Outside of SLT, there’s a few other areas I’m excited about—I’ll highlight just one. You mentioned Lin, Tegmark, and Rolnick—the broader literature on depth separations and the curse of dimensionality seems quite important. The approximation abilities of NNs are usually glossed over with universal approximation arguments, but this can’t be enough—for generic Lipschitz functions, universal approximation takes exponentially many parameters in the input dimension (this is a provable lower bound). So there has to be something special about the functions we care about in the real world. See this section of my post for more information. I’d highlight Poggio et al. here, which is the paper in the literature closest to my current view on this.

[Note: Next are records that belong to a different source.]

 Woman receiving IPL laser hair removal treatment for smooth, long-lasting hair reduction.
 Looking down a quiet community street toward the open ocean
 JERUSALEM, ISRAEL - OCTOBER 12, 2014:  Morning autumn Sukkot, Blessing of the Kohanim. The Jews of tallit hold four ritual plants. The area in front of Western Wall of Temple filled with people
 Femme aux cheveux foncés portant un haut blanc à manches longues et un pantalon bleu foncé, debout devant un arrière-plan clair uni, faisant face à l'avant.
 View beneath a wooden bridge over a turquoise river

This isn’t a complete list, even of theoretical areas that I think could specifically help address the “real world structure” connection, but these are the two I’d feel bad not mentioning. This doesn’t include some of the more empirical findings in science of DL that I think are relevant, like simplicity bias, mode connectivity, grokking, etc. Or work outside DL that could be helpful to draw on, like Boolean circuit complexity, algorithmic information theory, natural abstractions, etc.

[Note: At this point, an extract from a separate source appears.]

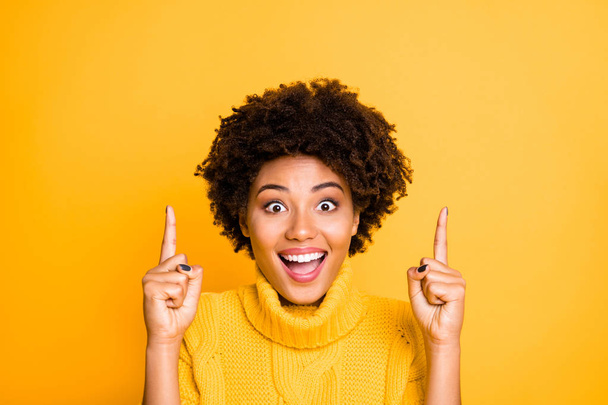 Visit our final sale. Photo of dark skin lady indicating index fingers up empty space on low prices placard wear warm knitted jumper isolated yellow background - 写真・画像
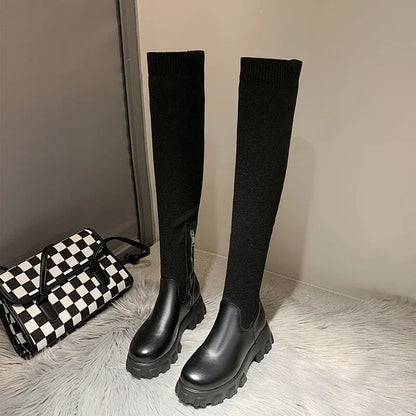 Women's black knee-high boots with chunky lug sole, sleek street-style silhouette for everyday wear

FWIW most potential theories of deep learning are able to explain these, I don’t think this distinguishes SLT particularly much.
Agreed—that alone isn’t particularly much, just one of the easier things to express succinctly. (Though the fact that this predates deep learning does seem significant to me. And the fact that SLT can delineate precisely where statistical learning theory went wrong here seems important too.)
Another is that can explain phenomena like phase transitions, as observed in e.g. toy models of superposition, at a quantitative level. There’s also been a substantial chunk of non-SLT ML literature that has independently rediscovered small pieces of SLT, like failures of information geometry, importance of parameter degeneracies, etc. More speculatively, but what excites me most, is that empirical phenomena like grokking, mode connectivity, and circuits seem to intuitively fit in SLT nicely, though this hasn’t been demonstrated rigorously yet.
I don’t think there are any. Of course much the same could be said of other deep learning theories and most(all?) interpretability work. The difference, as far as I can tell, is that there is a clear pathway to getting such explanations from the NTK: you’d want to do a spectral analysis of the sorts of functions learnable by transformer-NTKs. It’s just that nobody has bothered to do this! That’s why I think this line of research is neglected relative to interpretability or developing a new theoretical analysis of deep learning. Another obvious thing to try: NTKs often empirically perform comparably well to finite networks, but are usually are a few percentage points worse in accuracy. Can we say anything about the examples where the NTK fails? Do they particularly depend on ‘feature learning’? I think NTKs are a good compliment to mechinterp in this regard, since they treat the weights at each neuron as independent of all others, so they provide a good indicator of exactly which examples may require interacting ‘circuits’ to be correctly classified.